I got my rams to breed at pH 6.4, GH 2, Temp 82.

They like extremely soft water and high temps. This should simulate the rainy season that they spawn during.

They are extremely sensitive to ammonia and to nitrites. But they're beautiful. I've kept mine with Angelfish, tetras, corys, apistos. Just non-aggressive fish. Angelfish and Rams and discus are probably the least aggressive of the cichlids.

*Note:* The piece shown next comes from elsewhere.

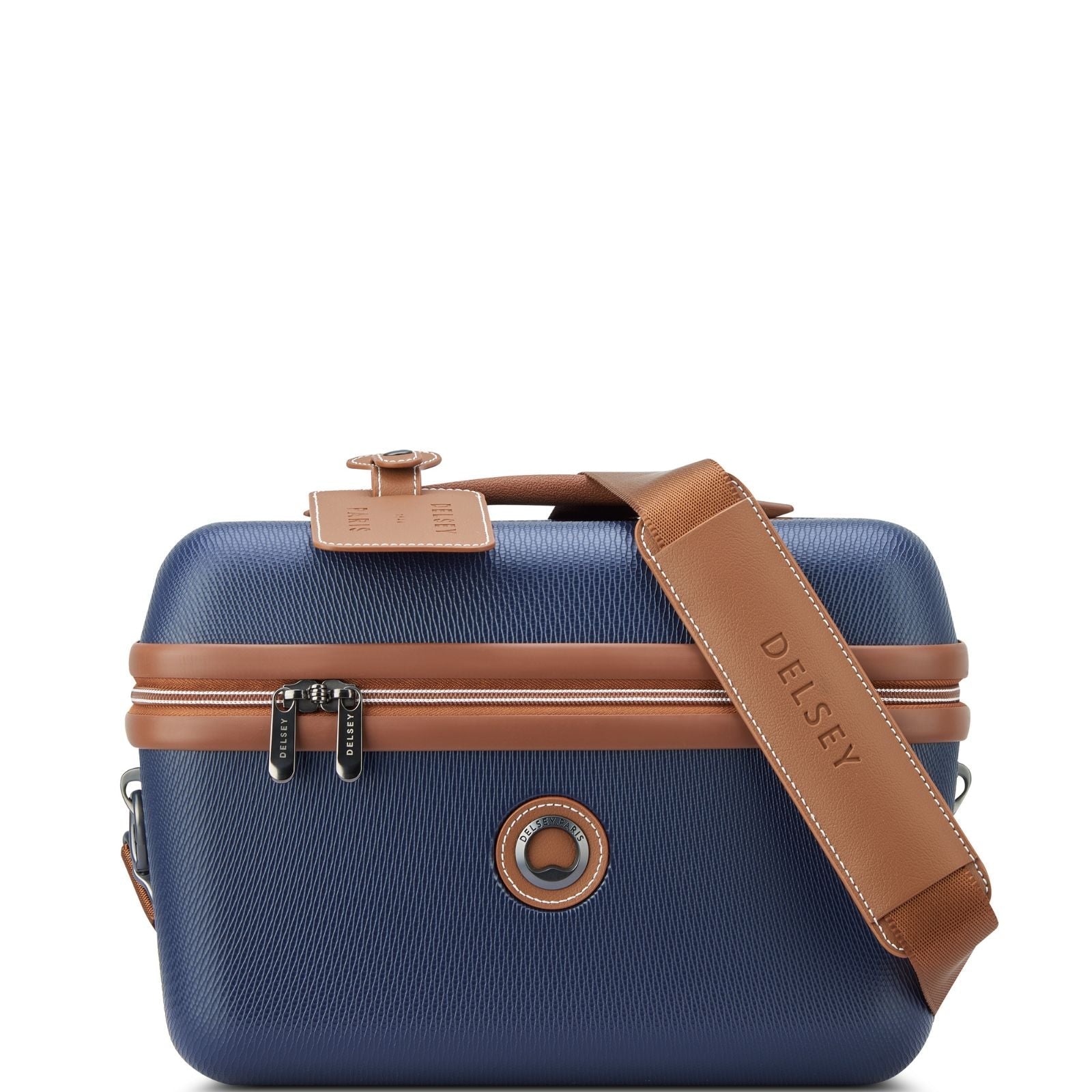 Delsey Chatelet Air 2.0 Hardside Beauty Case - 15L - Navy Blue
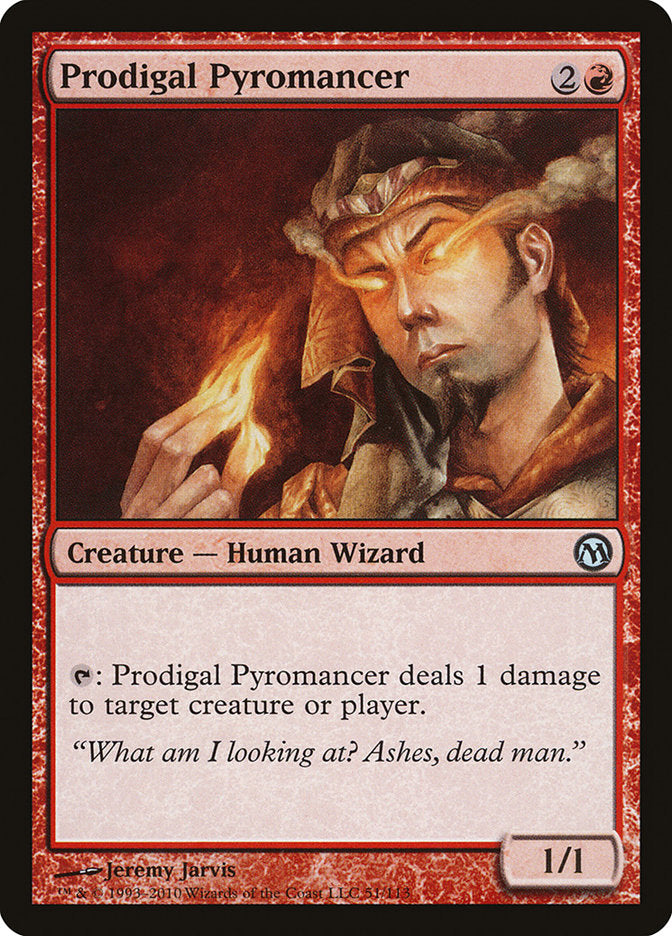 Prodigal Pyromancer [Duels of the Planeswalkers] | PLUS EV GAMES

Anyway. Good luck with them. You can add peat to your water to soften it, it will also make it more acidic. However, I'm not sure what that will do to your CO2.


----------



## admin_old (Dec 4, 2003)

Can kribs go with bleu rams or apistogramma nijsseni. Also can tetras survive with a PH lower than 6.5?

-Admin


----------



## Fat Guy (Nov 19, 2003)

I've kept neon and glowlight at 6.5. I think they would prefer it to be a little higher though it should be fine. Apistogramma nijsseni should also thrive at 6.5 and softwater. Fish like tetras and angels (fish that aren't too picky about water quality) will be able to adapt to a lower pH as long as you do it gradually. Most fish have this ability. However, I tried to keep rams at a very alkaline pH and it didn't work out too well. Poor experiment. The apisto and rams should do well at the above water params. Just be mindful of your water changes each week, make sure your tank is cycled (test for nitrites and ammonia....make sure it's 0) then put the rams in and you should be fine. They shouldn't be that difficult if you match their water and maintain it.

FG


----------



## Fat Guy (Nov 19, 2003)

I believe that where the apistogramma nijsseni comes from, the water is almost pH of 5.6 and 1GH. Try to get your hands on tank bred/raised ones.


----------



## Fat Guy (Nov 19, 2003)

BTW

I know that Kribs can tolerate different water types, however, I've never kept them with the blue ram.


----------



## admin_old (Dec 4, 2003)

I bought a german blue ram about a month ago. He was eating well and didnt appear to have any diseases but when I got home the other night I saw that he had died mysteriously. He had good color and had no other diseases that I could see and my water had no nitrites or ammonia with a ph between 6.8-7.2 and with a gh of 6 and a kh of 4. Maybe the fish had internal parasites or something. Any ideas on why the blue ram died?

-Admin


----------



## NyCzBuBba (Nov 16, 2003)

Well put some Hex-a-mit then for mysterious death. Sometimes things happen that cannot be explained. Maybe internal or something.


----------



## Fat Guy (Nov 19, 2003)

NyCzBuBba said:


> Well put some Hex-a-mit then for mysterious death. Sometimes things happen that cannot be explained. Maybe internal or something.


true. 

BTW Was your tank cycled?


----------



## admin_old (Dec 4, 2003)

My tank has been running now for about 8 months so it is cycled. What is hex-a-mit?

-Admin


----------



## NyCzBuBba (Nov 16, 2003)

its fish medicine. You can purchase in your LFS. they come in pills you open the pills and put the powder(medicine) in the tank. i think 1 pill per 10 gallons


----------



## Fat Guy (Nov 19, 2003)

Be careful about adding meds to your tank. Good luck.


----------



## E. Simpson (Oct 18, 2003)

Kribs will shred those Rams if you put them together IME.Especially if it's a mating pair of Kribs.Those little guys are meaner than they look.





Ernie


----------



## wellbiz (Aug 6, 2003)

E.Simpson is correct, you dont want to be putting in Kribs with rams, unless you want dead rams.... Not to mention they require different water conditions...


Jason


----------



## 2la (Aug 18, 2002)

wellbiz said:


> E.Simpson is correct, you dont want to be putting in Kribs with rams, unless you want dead rams.... Not to mention they require different water conditions...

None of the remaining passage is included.